We ordered turkeys, stuffing, pumpkin pie, mashed potatoes, gravy, green beans, and sweet potato casserole—the works. When I returned home, I gave my siblings the rest of the apple pie, which they liked. My sister tried the pumpkin and immediately spit it out. “That’s disgusting!”

During the last few weeks, we travelled south to tour Jordan’s most iconic landscapes. We swam in the jewel-blue Gulf of Aqaba. We rode in the beds of rickety trucks across the pink dunes of Wadi Rum, screaming as they lurched left and right. We hiked through a basin to see Petra, where Indiana Jones had saved the Holy Grail from Nazis.

I spent my last night in Jordan crying my eyes out. I couldn’t bear knowing how long it would be before I saw my study-abroad friends again. Most of them lived on the East Coast. It broke my heart to leave my Jordanian siblings.

I left Amman on a bus at 6:30 in the morning feeling morose. The bus rumbled across the West Bank, passing makeshift tents and goats, until we arrived at the Israeli border. A girl with a military-grade rifle boarded the bus and asked for our passports. One eye on her gun, I handed mine over. She returned it and left without a word.

From the checkpoint we drove directly to Jerusalem.
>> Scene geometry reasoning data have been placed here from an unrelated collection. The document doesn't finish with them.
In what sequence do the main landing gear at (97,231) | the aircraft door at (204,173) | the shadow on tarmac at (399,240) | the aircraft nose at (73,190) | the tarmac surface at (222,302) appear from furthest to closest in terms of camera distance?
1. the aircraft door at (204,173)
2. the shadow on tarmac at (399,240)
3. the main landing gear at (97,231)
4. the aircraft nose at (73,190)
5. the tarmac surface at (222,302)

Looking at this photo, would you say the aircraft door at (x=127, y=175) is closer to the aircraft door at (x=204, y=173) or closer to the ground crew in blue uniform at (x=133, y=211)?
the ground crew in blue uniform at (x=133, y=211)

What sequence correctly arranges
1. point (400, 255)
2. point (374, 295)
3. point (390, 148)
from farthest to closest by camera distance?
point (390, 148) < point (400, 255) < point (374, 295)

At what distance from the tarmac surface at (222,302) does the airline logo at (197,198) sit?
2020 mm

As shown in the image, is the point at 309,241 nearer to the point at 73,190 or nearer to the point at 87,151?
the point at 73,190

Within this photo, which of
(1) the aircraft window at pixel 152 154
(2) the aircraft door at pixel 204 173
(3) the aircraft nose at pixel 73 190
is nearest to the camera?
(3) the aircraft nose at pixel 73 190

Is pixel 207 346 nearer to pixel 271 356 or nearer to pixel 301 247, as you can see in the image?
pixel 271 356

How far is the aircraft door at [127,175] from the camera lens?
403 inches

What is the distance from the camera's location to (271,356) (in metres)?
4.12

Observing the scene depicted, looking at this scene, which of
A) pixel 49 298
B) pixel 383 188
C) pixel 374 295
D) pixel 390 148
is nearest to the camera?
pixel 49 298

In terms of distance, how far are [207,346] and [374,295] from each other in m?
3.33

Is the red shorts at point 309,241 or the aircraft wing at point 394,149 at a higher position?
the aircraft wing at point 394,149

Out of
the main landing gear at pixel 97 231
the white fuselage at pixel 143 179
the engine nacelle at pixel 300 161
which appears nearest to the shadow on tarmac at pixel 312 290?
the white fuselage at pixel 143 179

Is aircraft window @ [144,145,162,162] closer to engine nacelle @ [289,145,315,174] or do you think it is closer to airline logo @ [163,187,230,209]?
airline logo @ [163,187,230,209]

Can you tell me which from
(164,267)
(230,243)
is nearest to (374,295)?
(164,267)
I dozed off somewhere in between, waking with a jolt to find myself in a busy cosmopolitan center. The bus driver shooed us out onto the streets, and I found myself staring at walls that rose 50 feet in the air. This marked the boundary of the Old City, where my hotel was.

Without much thought, I dragged my suitcases into the Old City, thinking I would easily be able to navigate it. After all, it was less than a half-mile square.

I didn’t take long for me to realize I’d made a mistake. What I didn’t account for were the uneven cobblestones, stairs, and narrow roads bustling with tourists and locals. In other words, I hadn’t counted on the Old City being old. I dragged my two suitcases through as best I could, heart hammering and sweat dripping down my back, past vendors selling bagels or crucifixes.

I passed through an archway into an open courtyard filled with tourists. After a quick glance around, I realized I had accidentally found the Church of the Holy Sepulchre—the same church Sedo’s family had protected for millennia. I felt a strange sort of pride.

I set my bags down on the steps and went to go look for my cousin.